In 2002, the Kalichstein-Laredo-Robinson Trio premiered Del Tredici's Grand Trio at the University of Maryland, commissioned to celebrate the 25th anniversary of KLR. The Times' Allan Kozinn described the nearly 40-minute work as "in the tradition (and mostly in the language) of late Romanticism."
Writing in Strings about a 2005 DaPonte String Quartet performance of Del Tredici's String Quartet of 2003, Daniel Felsenfeld noted: "The piece might have been composed by a cartoon Brahms on a psychedelic drug—and this is meant as the highest possible compliment!"
Del Tredici has composed yet another string piece, Magyar Madness, this time for the Orion String Quartet. To witness the commissioning of a new work is a chance to observe a miraculous process of discovery. A chamber ensemble has the opportunity to deliver first performances with a distinctly personal touch. That personal touch—and the miracles, magic, and madness that can accompany the process—makes an enormous difference in an audience's receptivity and enjoyment of the work.

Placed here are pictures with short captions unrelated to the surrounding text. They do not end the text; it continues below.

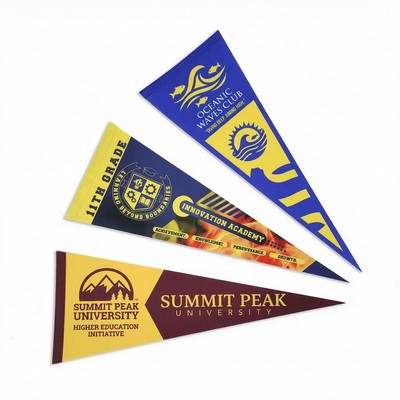 12" Custom Felt Sports Pennant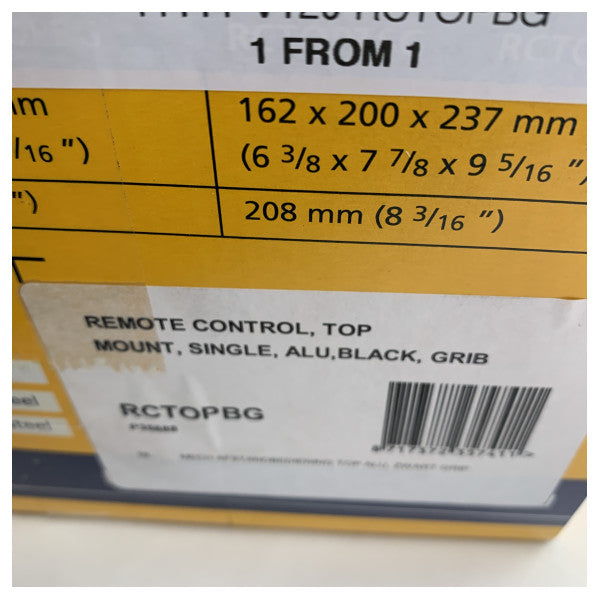 Механічний важіль управління одномоторним двигуном Vetus RCTOPBG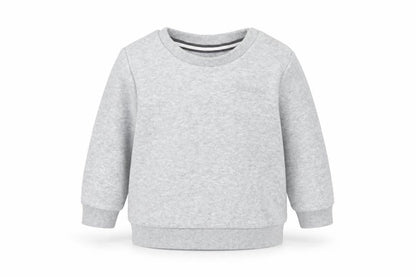 Front view of Firetrap unisex baby grey 18-24 months long sleeve pullover sweatshirt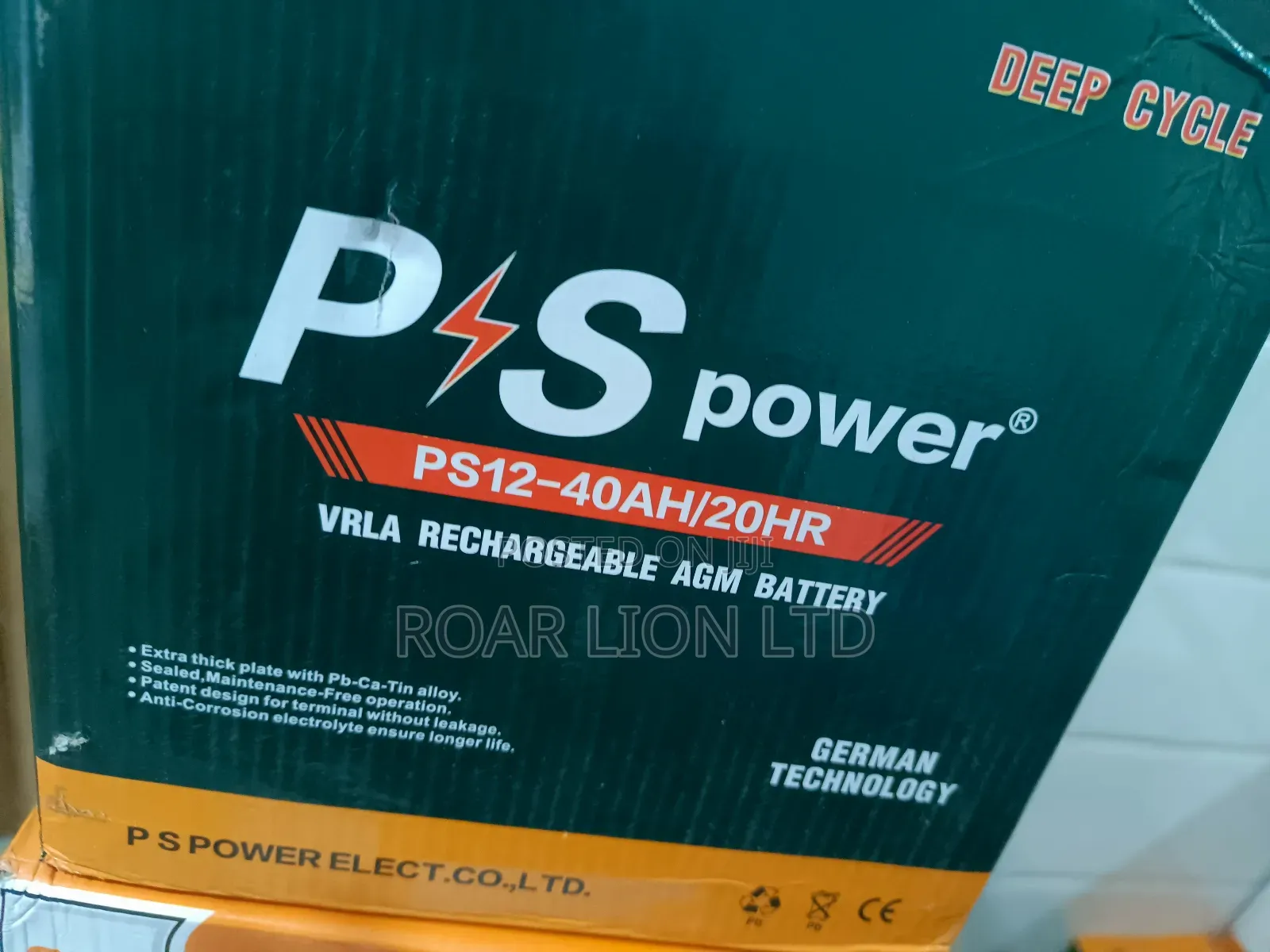 P S Power 40ah 12V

Creating musical miracles is something that the Orion Quartet—violinist brothers Daniel and Todd Phillips, violist Steven Tenenbom, and cellist Timothy Eddy—has been accomplishing for more than 20 years. Acclaimed for excellent teaching, eloquent performances of mainstream repertoire, and championing new music, the hard-working Orions serve as quartet-in-residence at both the Chamber Music Society of Lincoln Center and New York's Mannes College of Music.
As of the current season, they also have been appointed resident quartet at Indiana University's Jacobs School of Music. Their current season, which includes a retrospective at the 92nd Street Y and highly anticipated Beethoven cycles in New York and Santa Fe (accompanied by the recent first release in a recorded Beethoven cycle on the Koch label), has also featured the first performances of commissions from Del Tredici and Lowell Liebermann. I recently kept track of how rehearsals for the Del Tredici work were going through frequent phone conversations with the participants.
I was delighted to hear that it was the miraculous process all over again.
The Del Tredici commission is one of the most important the Orions have yet had. The composer is a Pulitzer Prize winner whose Nonesuch recordings of large-scale symphonic works based on Lewis Carroll's Alice in Wonderland were best sellers 20 years ago, captivating the public with their intoxicating romanticism and sumptuous tonal beauty. Yet that music has inexplicably disappeared from the CD catalogs, with the exception of a difficult-to-find Japanese reissue of the Decca label recording of Final Alice (for soprano, folk group, and orchestra). Still, there is certainly a large audience waiting to discover, and rediscover, the glories of the 71-year-old Del Tredici's music, as evidenced by the fact that his choral/orchestral work Paul Revere's Ride earned a 2007 Grammy nomination for Best Classical Contemporary Composition.